We additionally verify the safety of an optimization: when the owner of an object is still alive, accessing that object doesn't need a GR check. Languages that implement GR can opt-in to use single-ownership, where every object is owned by a single struct, array, or stack frame. Under this condition, we're guaranteed that as long as the owner is still in scope/not freed, accessing data in the memory region that this owner owns doesn't need any checks. The most common usage of this optimization is to remove checks for borrowed/moved function arguments (and anything on the stack frame) and for variables that were literally just allocated.
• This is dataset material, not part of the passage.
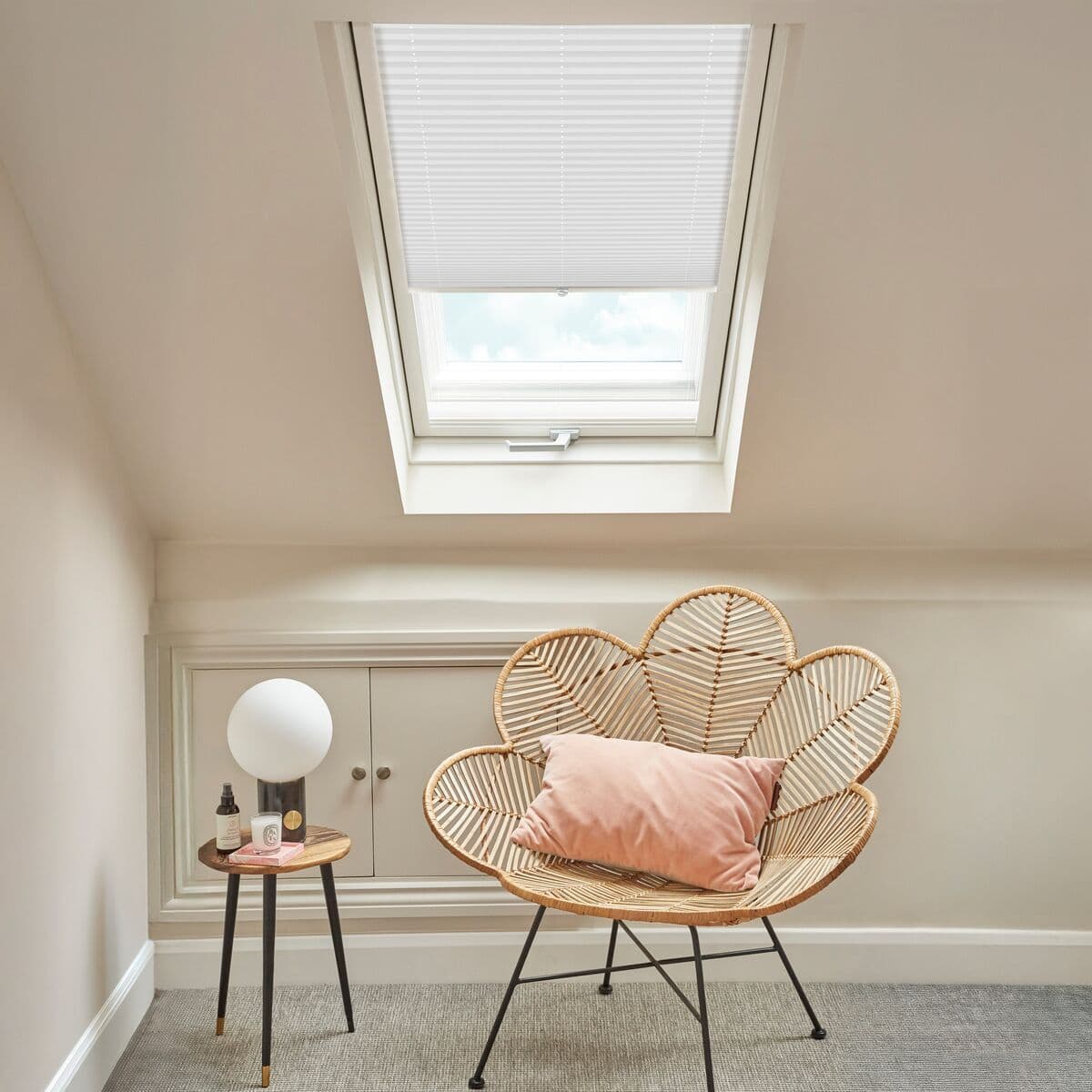 Trent White Pleated blind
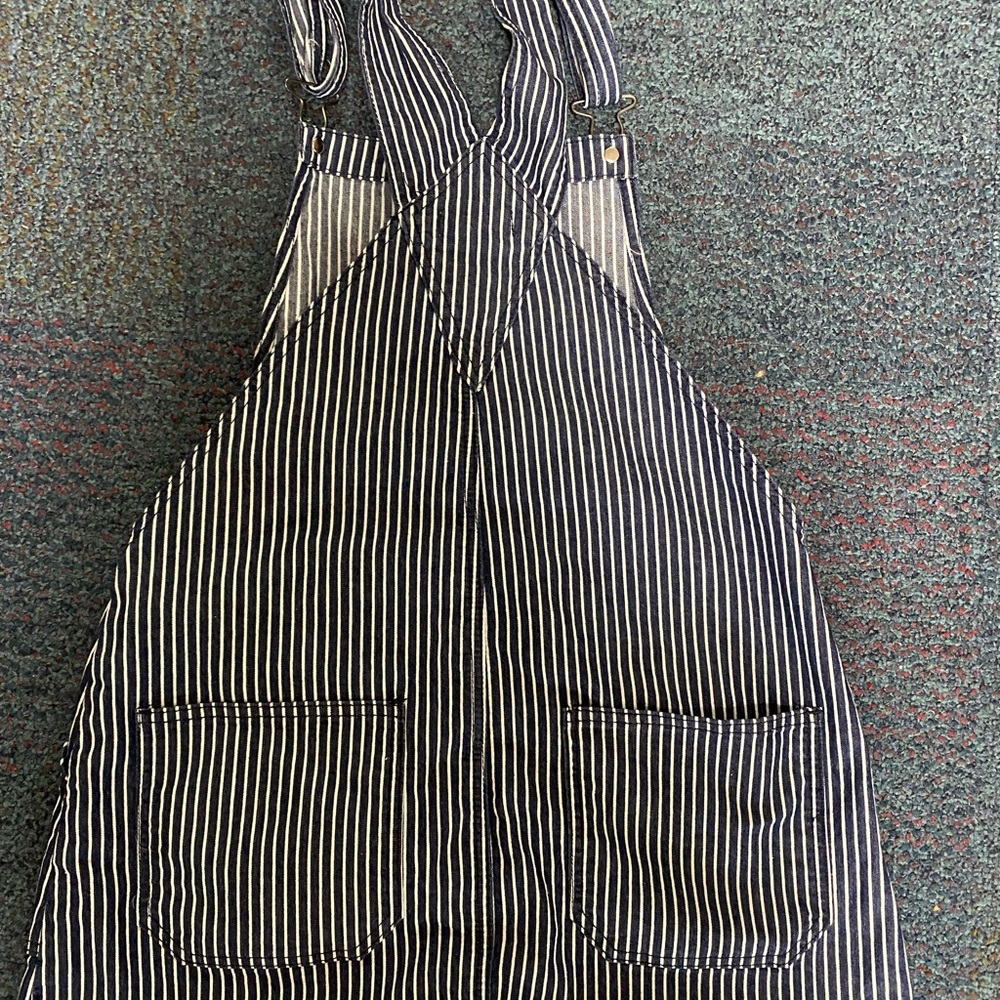 Altar’d State Overall Dress. Size S. Comfy fabric and only worn 3-4 times! - Picture 5 of 7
void hello(Spaceship& ship) {
  // If we can verify at the call-site
  // of `hello` that `ship` is borrowed or moved, then it's definitely safe to
  // dereference `ship` without checking for safety!
  cout << ship.fuel << endl;

  Spaceship ship2;
  // Accesing the `model` field requires a dereference since `ship2` is
  // internally a pointer to a memory location on the stack frame. However, it
  // should also be obvious that it's definitely safe to access `model`.
  cout << ship2.model << endl;

  Point* pt = new Point;
  // Clearly we don't need to check if it's safe to dereference `pt` here!
  cout << pt->x << endl;

  free(pt);
  // The check should not be removed here because the owner `pt` is free-ed.
  cout << pt->x << endl;
}

Improvements from Curiosity Modeling

  • Verified the safety of the optimization under single-ownership.
  • Verified that the original safety guarantees of GR still hold under single-ownership.
  • The entire model had to be adapted to account for the single-ownership model. This required changes to all 5 operations and wellformed as well as some very nasty debug that were fortunately salvage-able thanks to the "Evaluator".

Model Design and Visualization

The model represents a state-based system where each State contains:

  • A set of memory allocations
  • A set of references to these allocations
  • Two mappings for each allocation: its current generation and whether it's in use
  • A mapping that maps every allocation to its owner.
  • A set of "live" owners that are still considered "alive".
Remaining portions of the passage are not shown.